How Transformer model works? Unclear after the lab

From the last weeks’ lab on the Transformer model (the graded one) 3 questions remain unclear:
it is unclear how Dense layers are applied (after attention)
I guess that same weights must be applied for every position in the encoder/decoder vectors?
But in the lab a simple Dense layer is used.
While for the similar case in the previous lab on LSTM - TimeDistributed wrapper around Dense layer is used. Could someone clarify this? It would be ideal to see this clarified in the lab itself.
The final Transformer model expects 3 different attention masks: 1 look-ahead and 2 different padding masks.
Why padding in the encoder and in the decoder’s attention to encoder outputs are different?
If I got it right, the decoder generates output words one by one, by applying the Decoder again to the same output of the encoder + already generated part of the final output sequence.
But the final transformer model, that we created in the lab, outputs all the time-steps at once. Does it mean that potentially it can output different words even for the time steps that were provided as an input to produce the next word? And is also does unnecessary computations to compute already produced outputs? Those, previously produced timesteps, are simply discarded?

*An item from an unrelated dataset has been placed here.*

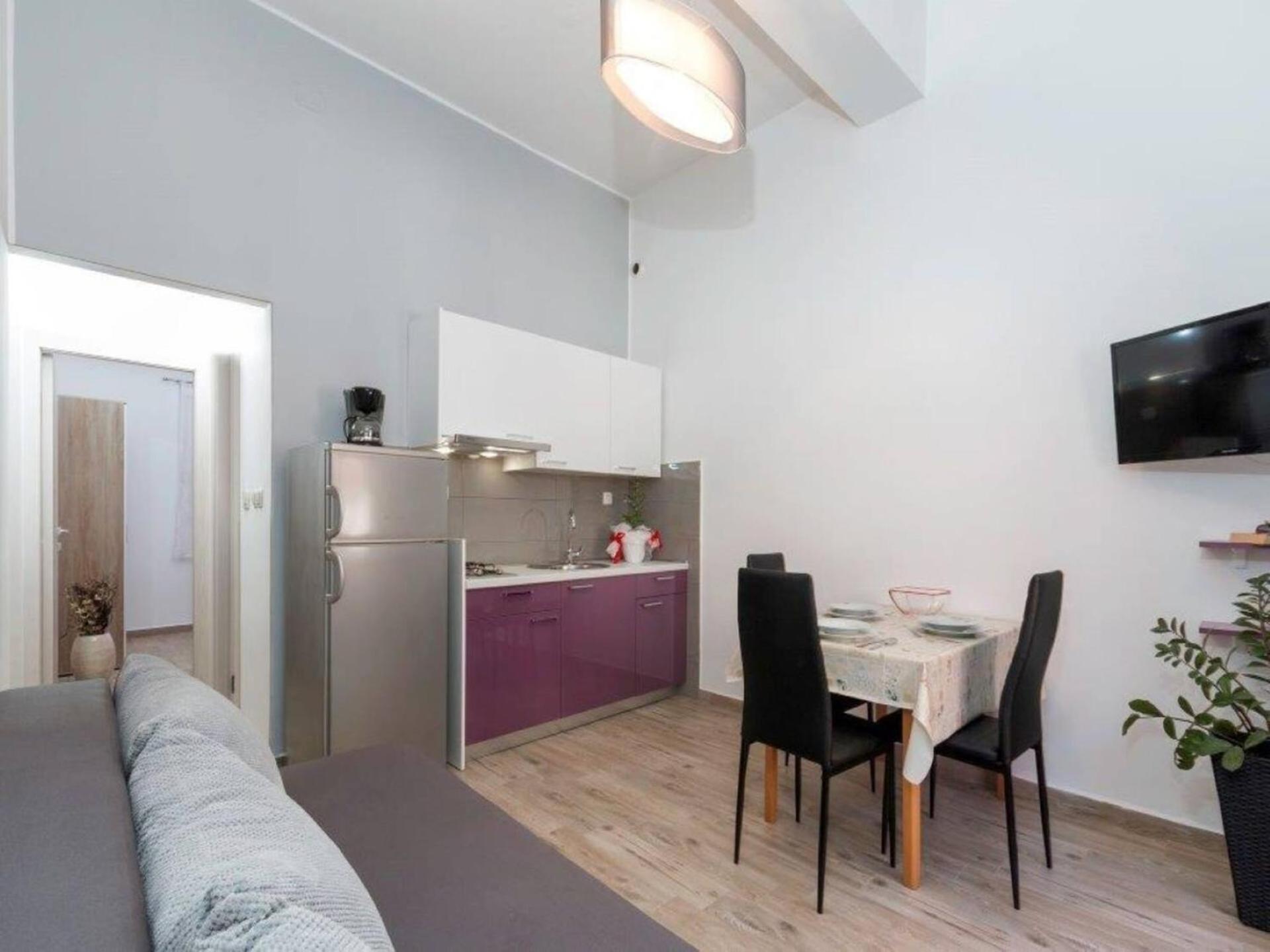 Pleasant Oriana Apartment Near The Sea-Πούλα Εξωτερικό φωτογραφία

@TMosh Could someone, please, clarify those questions on the last lab on Transformer model?

Sorry, I have not looked at the labs yet.

Hello @FFelix,

Interesting questions!

Pointwise feed-forward networks

In TensorFlow 2, you don’t need the TimeDistributed wrapper. I will report this upstream to have the other lab changed.

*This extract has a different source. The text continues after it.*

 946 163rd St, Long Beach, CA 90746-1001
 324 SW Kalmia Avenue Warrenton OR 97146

The Dense layer uses the same weights for every time step. In the Transformer case, this is for each item in the sequence (which itself has d_model numbers). I have created a notebook where you can see this.

As a bonus, I have added 1D convolutions, which also create pointwise feed-forward networks when given inputs of shape (batch, time, features).

Decoder padding mask

Hello @FFelix,

Where have you seen that they are different? Since Key and Value come from the Encoder, we need the padding mask from the Encoder to use in the Decoder. They should be the same.


It is not unnecessary. Remember that self attention is also used in the decoder, so all previous words can be used to generate the current word. It can be the case that the current output for previous words are not the same. Usually teacher forcing is used, so we feed it the previously generated sentence + current word, and throw away predictions for words we already have generated in other iterations, for the next iteration.

Thanks for claryfiing this! Am I right that in case of video processing (having video timestamps and 2D spatial structure) - Conv2D can be used without any TimeDistributed wrapper as well?

in the following code from the lab we have 3 parameters for padding. I am confused by a separate dec_padding_mask param:

class Transformer

 def call(self, input_sentence, output_sentence, training, enc_padding_mask, look_ahead_mask, dec_padding_mask):

Thanks for claryfying it.
BTW, is smth like Beam search, described on the RNN based decoders, applied to Transformer decoders as well? It seems quite natural to apply it there

Yes, from my understanding, you never need TimeDistributed for Keras layers. Maybe it can help you if you have a custom third party layer that doesn’t play well with time dimensions.

I think it only is for clarity, but in this case, one padding_mask parameter would suffice, since enc_padding_mask and dec_padding_mask are the same.

Beam search will improve the results dramatically. As an extra exercise, please add it to your implementation :smiley: